Indonesia dikenal sebagai salah satu negara dengan keanekaragaman hayati terkaya di dunia. Namun, kekayaan itu kini berada di ambang krisis. Satwa-satwa yang dulu mudah kita jumpai, perlahan punah, sebagian bahkan sudah benar-benar hilang dari habitatnya.

Pertanyaannya, jika satu per satu satwa itu punah, lalu apa yang tersisa dari kekayaan Indonesia? Apakah kita masih layak menyebut negeri ini sebagai zamrud khatulistiwa? Bukankah zamrud itu perlahan kehilangan kilaunya karena banyaknya satwa yang punah?

Lima Satwa di Ambang Kepunahan

Karena itu, kita perlu menyadari bahwa kekayaan fauna Indonesia kini berada di titik kritis menuju kepunahan. Berikut sejumlah satwa endemik Indonesia berada di ambang kepunahan.
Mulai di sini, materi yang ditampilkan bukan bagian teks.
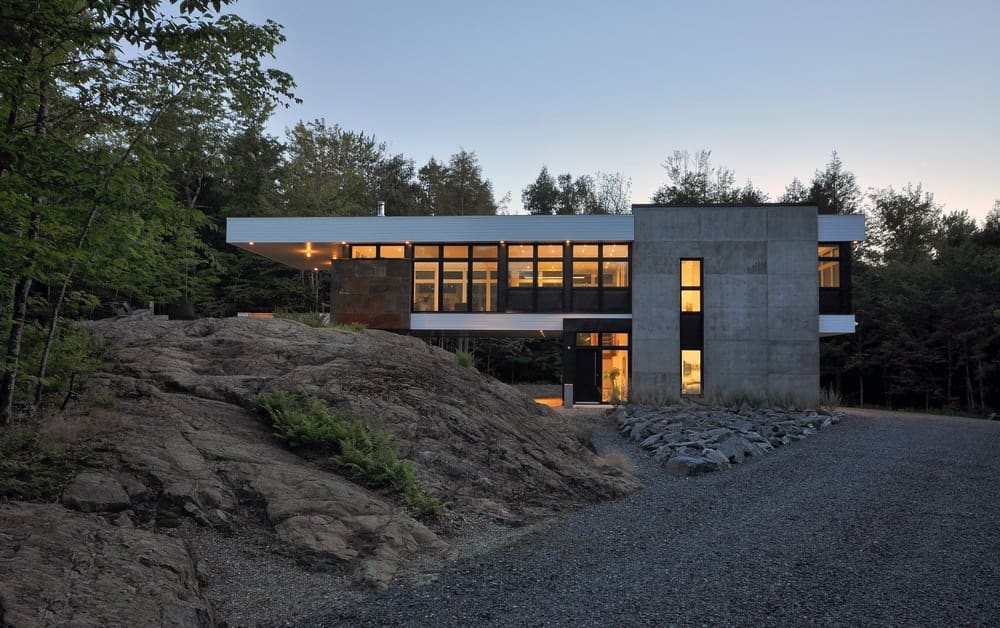 非常酷的房子，名为“岩石上的避难所”，由ESPACE Vital Architecture设计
Pertama, menurut Antaranews.com, Orangutan Sumatera atau yang sering disebut “manusia hutan” saat ini hanya tersisa sekitar 13.700 ekor di alam liar. Sementara kerabatnya, Orangutan Tapanuli, jumlahnya jauh lebih memprihatinkan, yakni hanya sekitar 760 individu saja.

Kedua, nasib serupa juga dialami Harimau Sumatera. Populasinya kini diperkirakan hanya 300–400 ekor di seluruh Sumatera. Bahkan laporan Kompas.id menyebutkan bahwa di kawasan Taman Nasional Kerinci Seblat, jumlahnya hanya tersisa sekitar 115–130 ekor.

Oleh sebab itu, jika perburuan dan alih fungsi lahan terus dibiarkan, maka Harimau Sumatera, saya kira akan segera menyusul kepunahan kerabatnya yaitu Harimau Jawa dan Harimau Bali, yang sudah lebih dulu hilang dari muka bumi.

Ketiga, lebih tragis lagi, Badak Jawa yang seluruh populasinya hanya tersisa di Taman Nasional Ujung Kulon, kini berjumlah sekitar 81–82 ekor. Itu pun semuanya berada di satu habitat yang rentan. Bayangkan, jika terjadi wabah penyakit atau bencana alam, seluruh populasi Badak Jawa bisa lenyap sekaligus.

Keempat, di Sulawesi, nasib Anoa atau Kerbau Kerdil endemik juga tak kalah genting. Data dari Sultra.antaranews.com mencatat, populasinya tidak lebih dari 2.500 individu di seluruh Sulawesi. Bahkan di kawasan konservasi Sulawesi Tenggara, jumlahnya hanya sekitar 180–200 ekor.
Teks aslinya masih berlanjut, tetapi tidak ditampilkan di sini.